Dalam bukunya "Medical Nemesis" Illich berbicara tentang "penyakit iatrogenik" - penyakit yang disebabkan oleh "birokrasi" dokter yang meninggalkan gagasan kuno tentang kesehatan sebagai "keseimbangan" dalam lingkungan di mana seseorang tinggal. Keseimbangan yang sehat seperti itu tidak dapat dicapai, menurutnya, dalam lingkungan yang tidak sehat yang diracuni oleh pertumbuhan industri yang liar.
Dalam pemikirannya soal kesehatan, dia justeru menderita di tahun-tahun terakhirnya dari tumor kanker yang tumbuh seukuran bola bisbol di satu sisi wajahnya. Dengan "meninggalkan" manajemen biokratis kesehatannya, Illich bersikeras pada "otonomi higienis" perawatan diri dan "hak untuk mati tanpa diagnosis." Ketika rasa sakitnya terlalu hebat selama fase terakhir hidupnya, dia mencari kelegaan dengan berdiri di atas kepalanya ke dinding atau dengan mengisap opium dalam pipa kecil yang dia bawa.

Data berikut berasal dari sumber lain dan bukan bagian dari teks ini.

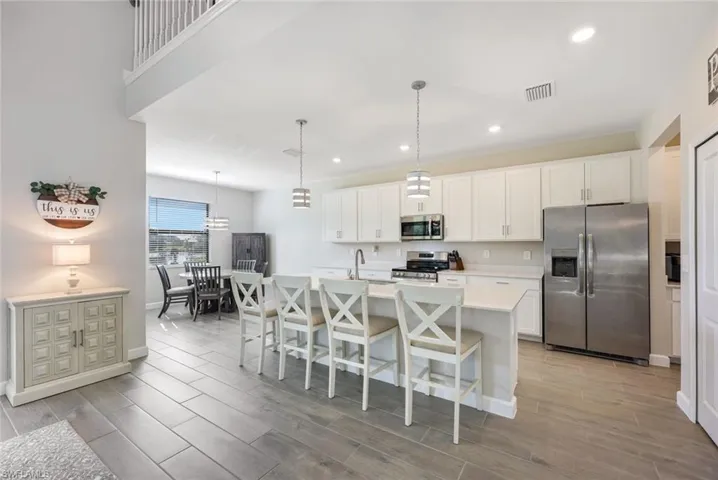Kitchen with a kitchen island with sink, appliances with stainless steel finishes, and white cabinetry
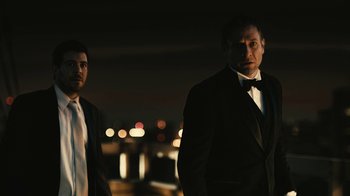 Movie still from “Wild Tales” (2014), directed by Damián Szifron – A man in a suit standing next to another man in a suit; Medium shot, Low angle
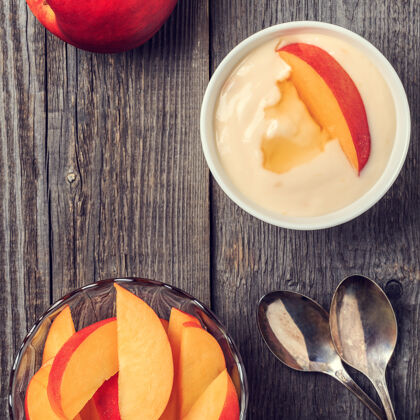 勺子自制酸奶和新鲜的桃子放在木头上提神新鲜零食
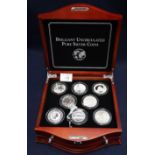 Cased set of assorted uncirculated silver coins, various countries, in simulated wooden lockable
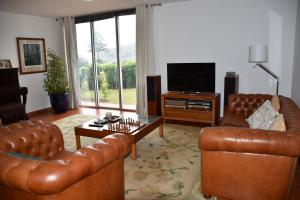 a living room with two leather couches and a television at Caloura Camellia House in Caloura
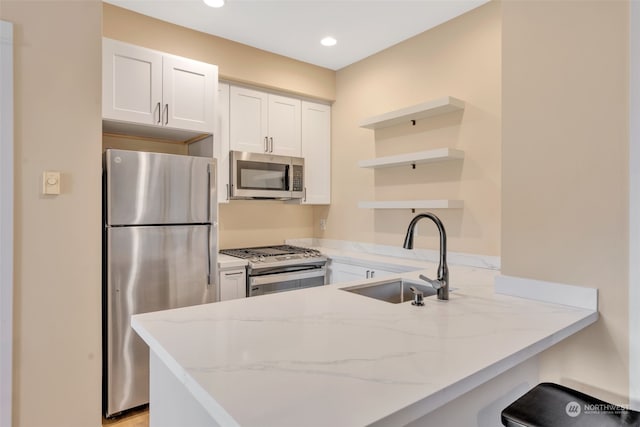 kitchen with white cabinetry, kitchen peninsula, light stone countertops, and stainless steel appliances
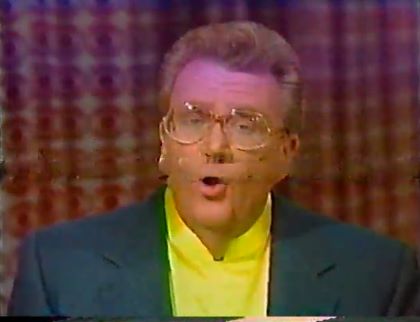 Rod is wearing a dark-green jacket & yellow collarless silk shirt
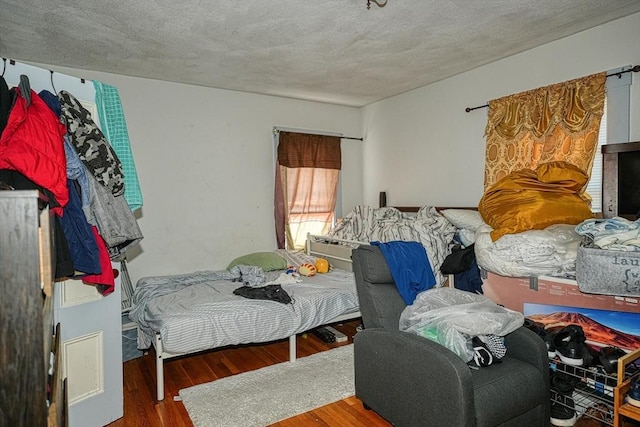 bedroom featuring wood-type flooring and a textured ceiling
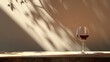 © Y_Malashkevych - A Bordeaux wine glass rests on a wooden surface, illuminated by gentle afternoon light, creating a serene and minimalist ambiance perfect for wine appreciation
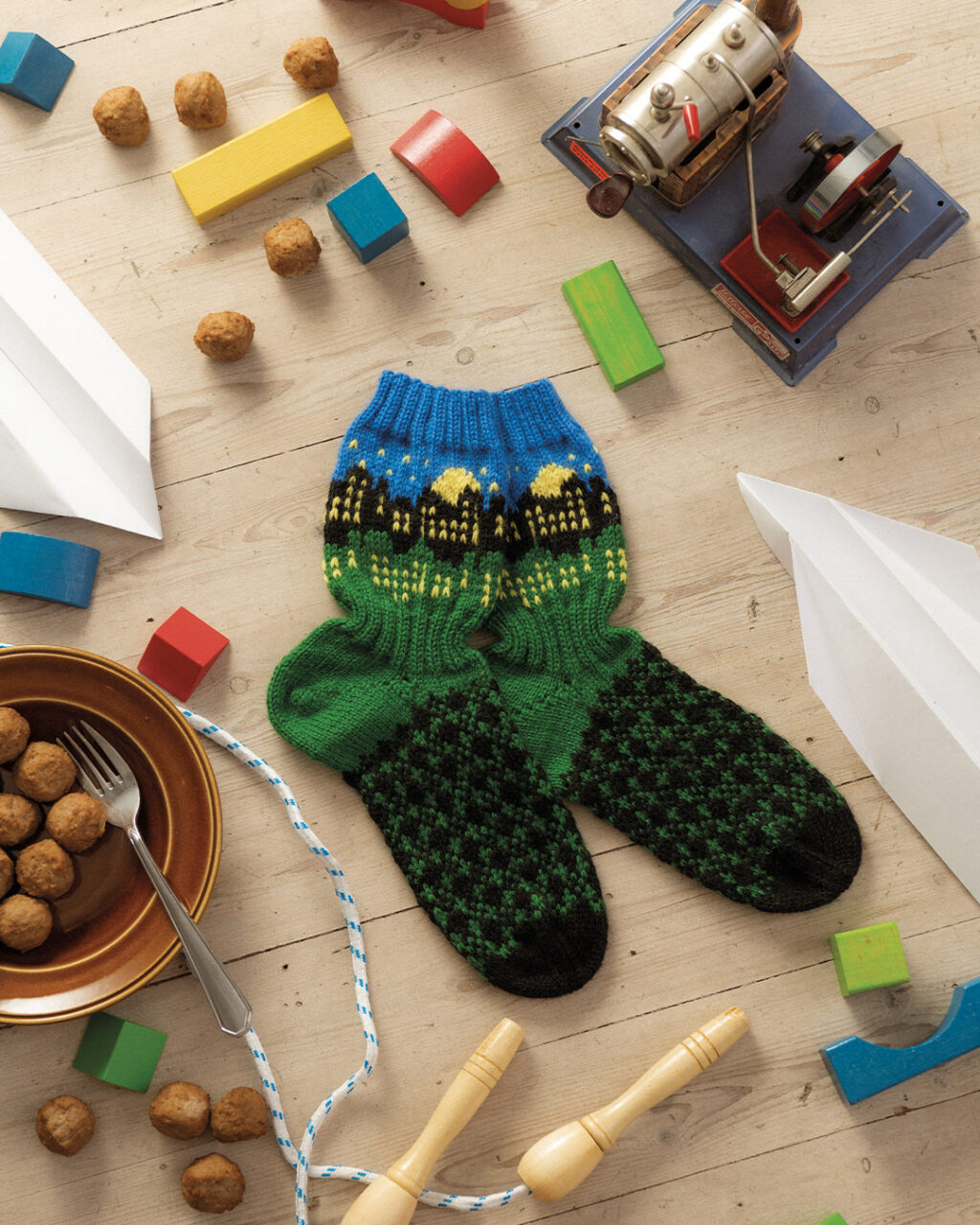 knitted socks inspired by Karlsson on the roof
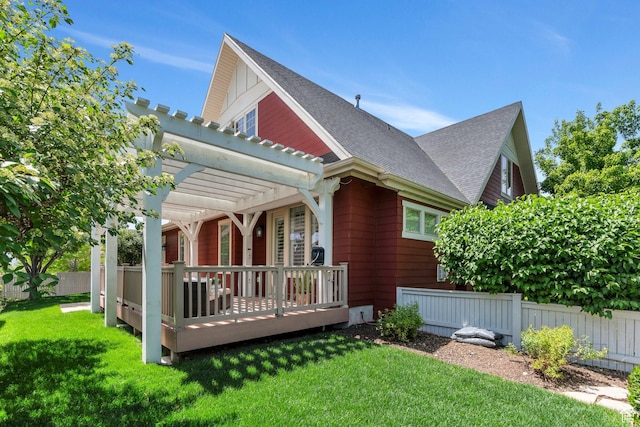 back of house with a pergola, a deck, and roof with shingles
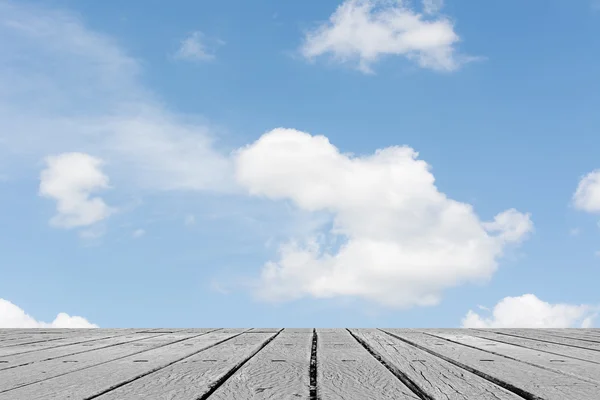 Clouds on heaven above the ground — Stock Photo, Image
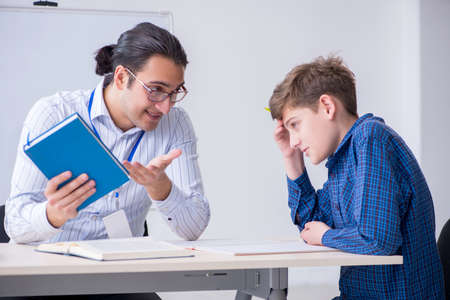 Young male teacher and boy in the classroom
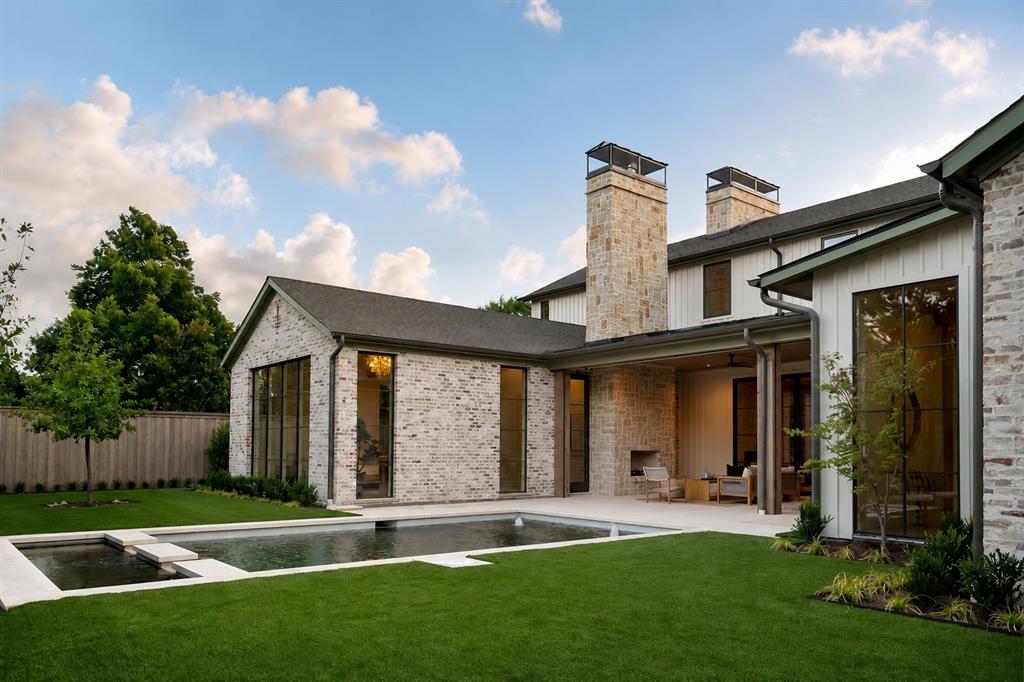 Exceptional new construction by Fifer Custom Homes in the heart of Preston Hollow. Showcasing thoughtful design philosophy + elevated finish selections, this residence pairs timeless architecture with a floor plan tailored for modern living. Spanning 5 bedrooms, 5 full baths + 2 half baths, the home is defined by its seamless flow, generous proportions + abundance of natural light. The chef's kitchen anchors the main level and features custom cabinetry, SubZero Wolf appliances + double islands that overlooks the living and dining rooms, creating an ideal setting for both everyday living and effortless entertaining. The first-floor primary suite is thoughtfully positioned for privacy and serves as a true retreat with spacious dimensions, a spa-inspired bath, washer dryer hookup + beautifully trimmed walk-in closet. A separate 1st floor guest suite offers equally private accommodations for visitors or multigenerational living. An oversized home office is tucked away from the main living areas, providing a quiet and productive work-from-home environment. Upstairs, a spacious game room is complemented by an additional den and versatile flex space that can easily serve as a fitness room, media room, study area or second office. A second utility room adds convenience and functionality to the upper level. Designed to maximize indoor-outdoor living, walls of glass open to a covered patio equipped with automated screens, creating a comfortable outdoor living space that can be enjoyed throughout the year. The backyard is centered around a resort-style pool and enhanced by low-maintenance turf, offering ample space for entertaining, recreation and relaxation. Situated on one of Preston Hollow's most desirable streets, this exceptional property offers convenient access to Dallas' premier private schools, fine dining, shopping and entertainment. A rare opportunity to own a thoughtfully crafted home by one of Dallas' most respected custom builders.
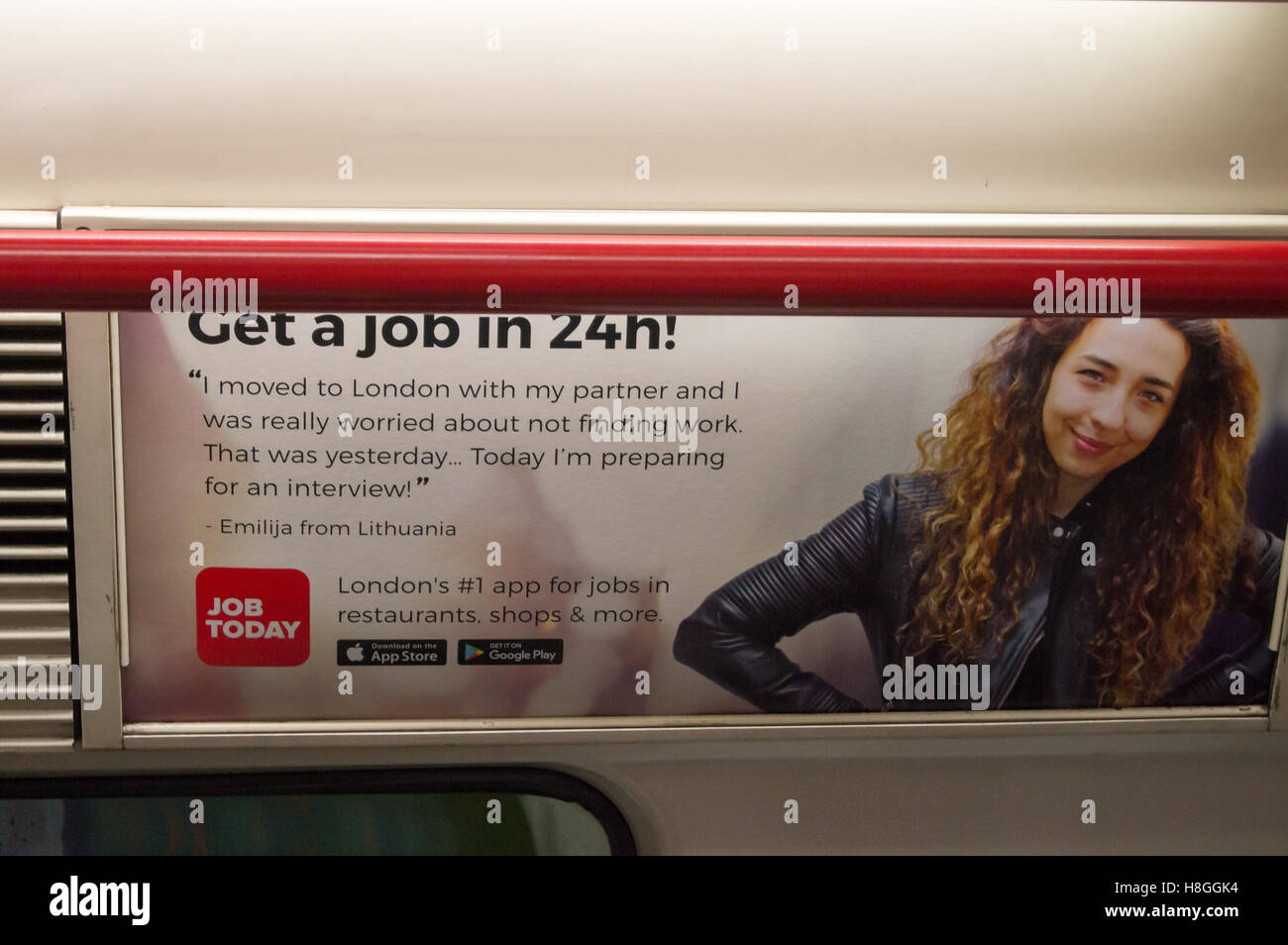 An advert for a job-finding smartphone app aimed at Eastern European immigrants on a Central Line London Underground Tube train Stock Photo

Dalam pengamatannya yang lebih sulit dibaca dan kurang umum, Illich melihat "kebaikan orang asing" yang didepersonalisasi dari Gereja Katolik sebagai korupsi dari tindakan kasih Kristen yang dilembagakan sebagai semacam paternalisme yang tidak autentik.
Cayley kemudian menginterpretasikannya sebagai kritik luas Illich terhadap institusi modernitas Barat. Itu adalah bahasa metafora untuk menyerang penyimpangan Gereja Katolik terhadap pengalaman pribadi inkarnasi yang tidak ingin dia buat secara frontal, melainkan semacam teologi tersembunyi yang dijalin melalui semua karyanya. Sejauh kritik Illich tentang pecahnya dan hancurnya keesaan Kehidupan dapat dianggap sebagai teologi, itu tidak terlalu tersembunyi sebagai sesuatu yang konstitutif dari semua pemikiran Illich.
Kita tampaknya memasuki era penting baru di mana kepastian modern yang dipertanyakan Ivan Illich secara menyeluruh hampir habis, dan ya ampun sang nabi yang hampir terlupakan itu telah membuka imajinasi sosial kita pada jenis pertimbangan ulang mendasar yang tampak begitu radikal di zaman Illich.Â
Dan kita harus berterimakasih pada Ivan Illich yang telah membuka wawasan kita untuk berimajinasi baru bahwa kita perlu menjauh dari tuntunan gelap pleonoxia selama ini. Jauhkan dunia kita sekarang dari pleonoxia beracun Kapitalisme. Bukan berarti tatanan Russia atau Chinalah yang benar di jalan Sosialisme, tapi bagaimana imaji itu dapat dilesakkan ke jalur baru yang untuk mudahnya kita sebut saja sebagai jalur The Middle Way. Dan itu tidak bisa dilakukan dengan metoda exercise of power antar negara adidaya dengan menafikan badan-badan kerjasama dunia yang sudah ada.Â
Sebagai contoh KTT Iklim dan WHO. Apakah keduanya sudah jadi institusi otonom dan apakah negara-negara yang berserikat disitu sudah dapat menjauh dari privilesenya masing-masing. Jkw adalah salah satu contoh kepala negara yang tak mau ambil pusing dengan balada The Thin Man-nya Dylan. Dia tetap berkepala dingin untuk memindahkan ibukota negara ke bagian Kalimantan yang masih biru. Bukankah Jakarta korban pleonoxia di zaman gebyar pembangunan jorok selama ini.